Required action: Leave out the pictures, and quote exactly the lines running from the one with "Подкормка для растений" through the last line of the entries below.

Short text fragments from websites:
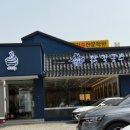 터미널식당(언양) 이미지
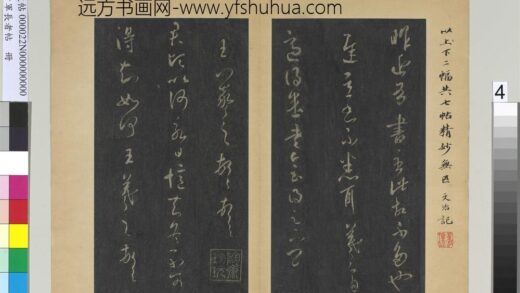 右军长者帖册 晋王羲之七帖 1.jpg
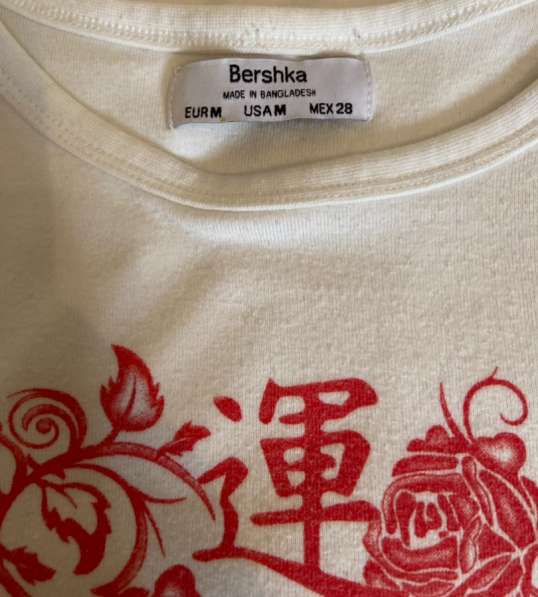 Топ bershka в Самаре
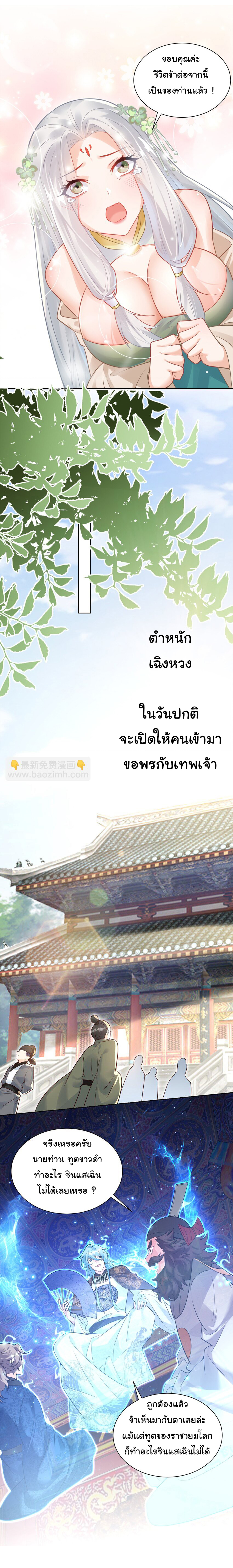 ชะตาฟ้าสั่งให้ข้าเป็นเทพ ตอนที่ 28 หน้า 6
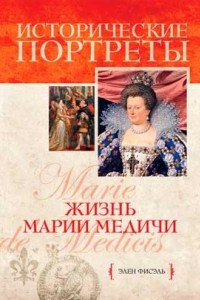 Книга Жизнь Марии Медичи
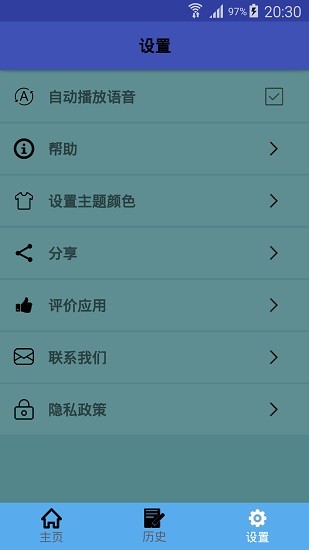緬甸語翻譯中文翻譯器 v1.0.12 安卓版 3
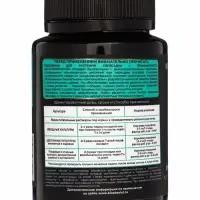 Подкормка для растений "Пересадка и приживаемость" Мультиформула , 100мл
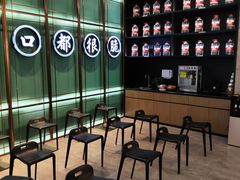 -淘米捞·米汤脆鲩鱼火锅(福田皇岗店)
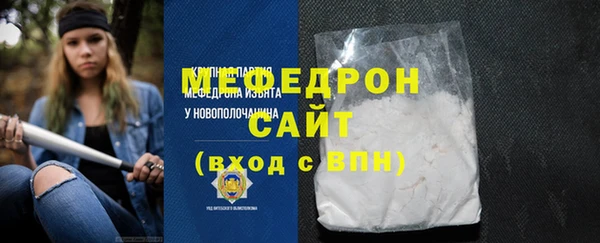 стафф Нефтекумск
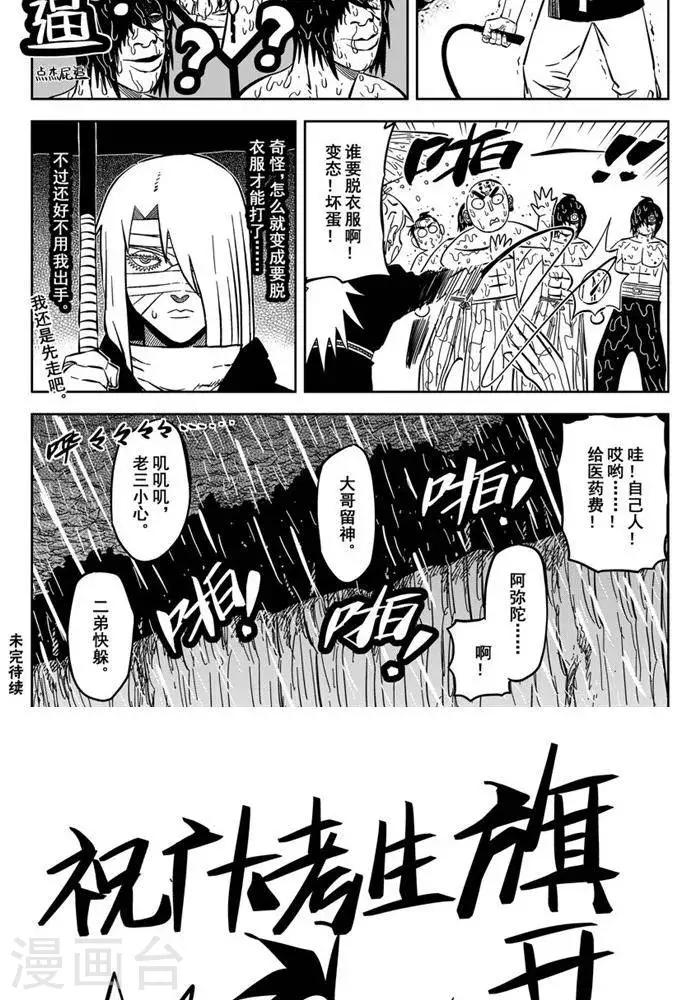 第17话5 你们都是变态-第57话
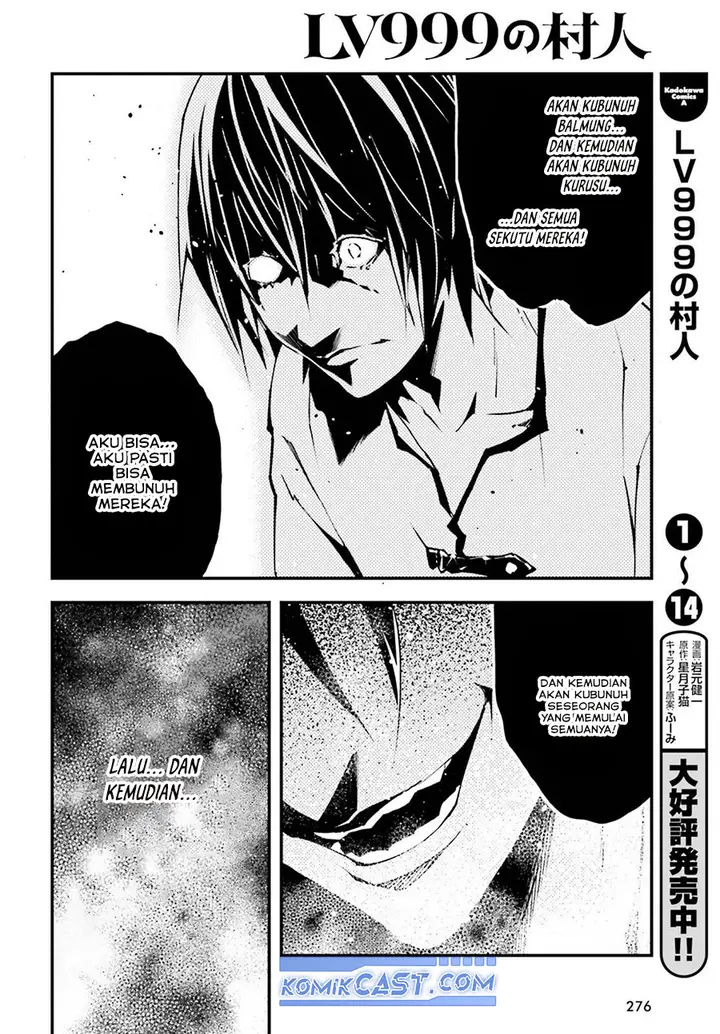 image-komik-lv999-no-murabito-chapter-79-28/46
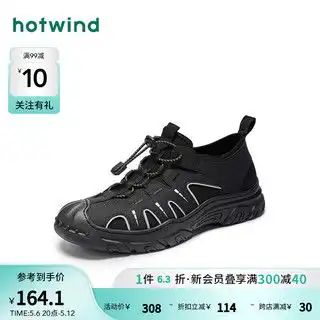 hotwind热风男士休闲鞋h14m1770白兰42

Answer for the task:
 Подкормка для растений "Пересадка и приживаемость" Мультиформула , 100мл
 -淘米捞·米汤脆鲩鱼火锅(福田皇岗店)
 стафф Нефтекумск
 第17话5 你们都是变态-第57话
 image-komik-lv999-no-murabito-chapter-79-28/46
 hotwind热风男士休闲鞋h14m1770白兰42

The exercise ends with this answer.